Member of the Nebraska Legislature from the 7th district
- In office 2009–2015
- Preceded by: John Synowiecki
- Succeeded by: Nicole Fox

Personal details
- Born: November 10, 1981 (age 44) Sioux Falls, South Dakota
- Party: Democrat 2009-2022, Non-Partisan 2024-present

= Jeremy Nordquist =

American politician

Jeremiah J. Nordquist (born November 10, 1981) is a politician from the state of Nebraska in the Midwestern United States. Nordquist represented an Omaha district in the Nebraska Legislature from 2009 to 2015. He served in the Unicameral as a member of the Democratic Party, but is now a registered Non-Partisan.

==Early life and career==

Nordquist was born November 10, 1981, in Sioux Falls, South Dakota. In 2000, he graduated from high school in Beresford, South Dakota. He attended Creighton University in Omaha, graduating in 2004 with a B.A. in political science. In 2006, he married Shannon C. Riley; the couple has two children.
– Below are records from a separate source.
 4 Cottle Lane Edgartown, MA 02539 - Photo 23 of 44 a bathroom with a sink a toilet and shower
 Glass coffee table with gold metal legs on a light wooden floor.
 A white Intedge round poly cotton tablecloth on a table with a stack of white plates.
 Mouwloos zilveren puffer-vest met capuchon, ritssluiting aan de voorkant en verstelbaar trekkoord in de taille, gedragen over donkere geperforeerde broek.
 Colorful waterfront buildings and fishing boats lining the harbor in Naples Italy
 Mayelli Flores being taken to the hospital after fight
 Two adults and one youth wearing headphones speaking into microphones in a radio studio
From 2004 to 2008, Nordquist worked for the Nebraska Legislature, as research analyst and an aide to senator John Synowiecki. From 2008 to 2013, he was employed as an advisor by Building Bright Futures, an Omaha philanthropy that sought to improve academic performance by low-income Omaha children.

==Nebraska legislature==

In 2008, Nordquist ran for the Nebraska Legislature from District 7, representing downtown and southern Omaha. The incumbent, Synowiecki, was ineligible to run for a third consecutive term under Nebraska's term-limits law. Nordquist, a member of the Democratic Party, was opposed by Christopher Moles, a Republican law clerk who was then working on a Juris Doctor degree and a master's degree in business administration at Creighton University.

In the nonpartisan primary, Nordquist received 1230 of the 1835 votes cast, or 67%. Moles received 605 votes, or 33%. As the top two vote-getters in the primary, both candidates moved on to the November general election. Nordquist won this election with 4961 of the 6726 votes cast, or 73.8%; Moles received 1765 votes, or 26.2%.
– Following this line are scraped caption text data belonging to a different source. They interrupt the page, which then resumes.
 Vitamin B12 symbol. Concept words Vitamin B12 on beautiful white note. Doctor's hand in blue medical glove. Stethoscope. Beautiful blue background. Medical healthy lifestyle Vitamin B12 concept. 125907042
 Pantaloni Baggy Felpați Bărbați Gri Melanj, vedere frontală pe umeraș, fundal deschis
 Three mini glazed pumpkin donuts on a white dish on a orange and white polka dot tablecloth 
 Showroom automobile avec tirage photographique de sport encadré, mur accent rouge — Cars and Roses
In 2012, Nordquist sought re-election to the Legislature. He faced two challengers. Christopher Geary, a Republican business owner, had unsuccessfully run for the Nebraska governorship in 2010; he had placed third in a three-way Republican primary, losing to incumbent governor Dave Heineman with 4.8% of the vote to Heineman's 89.9%. Adrian Petrescu, a professor of public policy at the University of Nebraska Omaha, was making his first bid for elective office.

In the primary election, Nordquist received 1406 of the 1934 votes cast, or 72.7%. Geary placed second, with 345 votes, or 17.8%; Petrescu received 183 votes, or 9.5%. As the top two vote-getters, Nordquist and Geary moved on to the general election. Nordquist won re-election with 4211 of the 6003 votes cast, or 70.1%; Geary received 1792 votes, or 29.9%.

During his tenure in the Legislature, Nordquist served as chair of the Retirement Systems Committee; he also sat on the Appropriations Committee. In 2014, he co-chaired an initiative petition drive that sought to raise the state's minimum wage to $9 per hour; the measure passed in the general election.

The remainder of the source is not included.